Participaram desta pesquisa alguns moradores do entorno do prédio, agentes do patrimônio, pessoas que freqüentemente acompanham as reuniões da Câmara e os grupos de turistas. Depois de entrevista, dinâmicas e processos de interação com os grupos, usando as mais diversas metodologias, as conclusões foram às seguintes:

– Comprovou-se que o prédio da Casa de Câmara e Cadeia é reconhecidamente um símbolo para a cidade, principalmente pela beleza arquitetônica da construção e testemunho da história de Minas Gerais, atribuindo-lhe também a função de ponto turístico.

– Descartou-se a transferir Câmara para outro endereço, como foi aventado no decorrer do processo. O prédio tem que abrigar a Câmara Municipal. Manter o uso atual do prédio da Câmara é manter viva a memória e a história desta instituição e da cidade

– Aprovou-se a ampliação da estrutura física da Câmara de forma que o valor simbólico seja mantido, conciliando os usos – local de trabalho e espaço turístico.

A proposta de restauro apresentada na tese de mestrado de Fernanda Trindade mostra uma direção para que a Câmara continue funcionando no mesmo endereço, avaliando que o edifício principal consegue continuar absorvendo algumas atividades da Câmara; o plenário atende às reuniões de menor porte, a sala do presidente e sua secretária, o que contribuirá para manter o caráter solene do prédio, além de conseguir manter algumas estruturas administrativas, como a assessoria jurídica próxima ao plenário, por exemplo.

O desafio e readequação do uso reúne três aspectos principais: ausência dos gabinetes dos vereadores; necessidade de ampliação do espaço para o apoio administrativo e espaço limitado do plenário para as reuniões mais concorridas. Somado a isso, temos a necessidade de melhoria no conforto básico e de garantir a acessibilidade.

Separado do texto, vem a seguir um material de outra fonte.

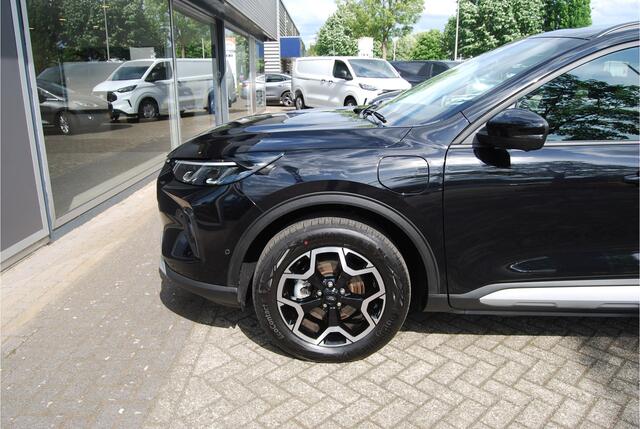 Ford KUGA 2.5 PHEV 243 PK Active X | TECHNOLOGY PACK | WINTERPACK | ADAPTIEF.LED | 360 CAMERA | HEAD UP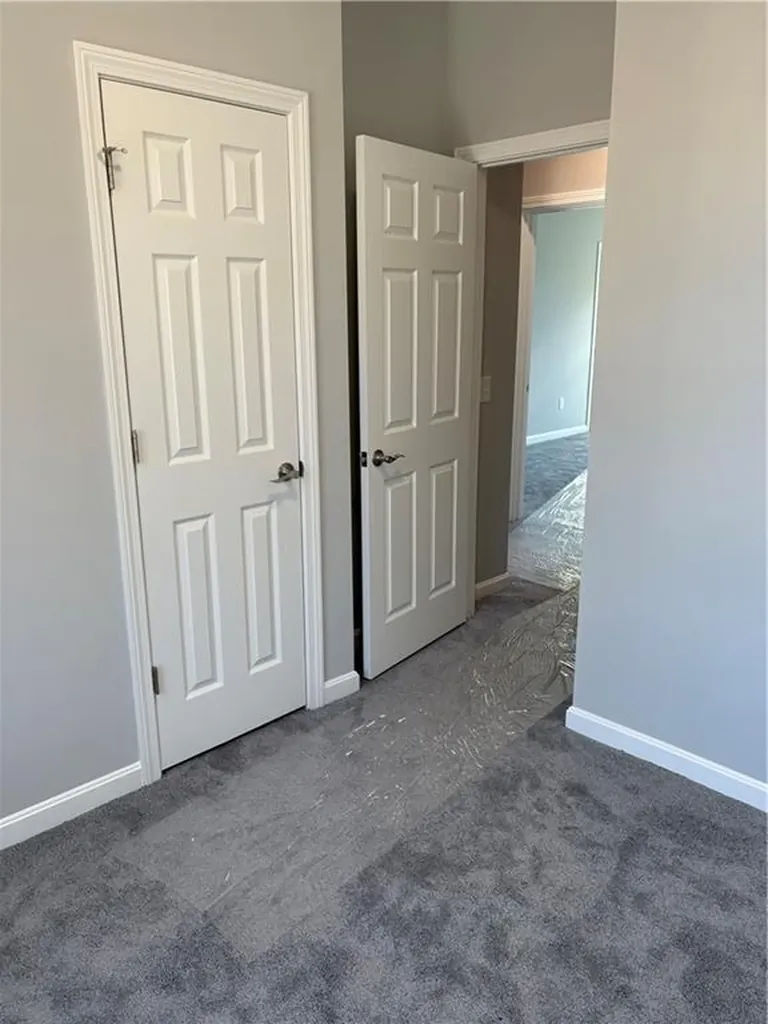 184 Avenue C Woonsocket RI 02895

Assim, o prédio da Câmara faz parte do cotidiano dos moradores de Mariana e, integra um conjunto arquitetônico que é um dos mais emblemáticos do período Colonial Mineiro. Cenário de atividades políticas importantes para Minas Gerais, palco de grandes decisões no passado e dos dias atuais, representa a alma de Minas e o sentimento de primazia dos marianenses.

Há a possibilidade de restauro do imóvel e transformá-lo em um espaço turístico e cultural, porém, com isso, esvaziaríamos seu principal significado: a vida de uma Câmara, como Casa do Povo e representação legal dos seus munícipes.

Entre todos os participantes, vereadores e funcionários, foi unanimidade o fato de que o atual prédio da Câmara não pode perder, pelo menos por completo, a função de abrigar o legislativo, uma vez que a Câmara de Mariana é a primeira Câmara de Minas Gerais e, dentre as Câmaras fundadas em 1711 – Mariana, Ouro Preto e Sabará – é a única ainda em funcionamento no primeiro prédio construído com o propósito de abrigá-la.

Nos pontos positivos destacados por esse grupo estão novamente a referência à beleza arquitetônica do conjunto, às festas religiosas e cívicas o reconhecimento como ponto turístico e como símbolo da história de Mariana. Nos pontos negativos apontados, o de maior destaque é a falta de manutenção dos monumentos, seguido do problema do trânsito de carros intenso na Rua Dom Silvério e Praça Minas Gerais.

No grupo das pessoas que freqüentam as reuniões da Câmara novamente, apareceu em destaque à beleza arquitetônica da Praça quando questionados sobre a representatividade do lugar.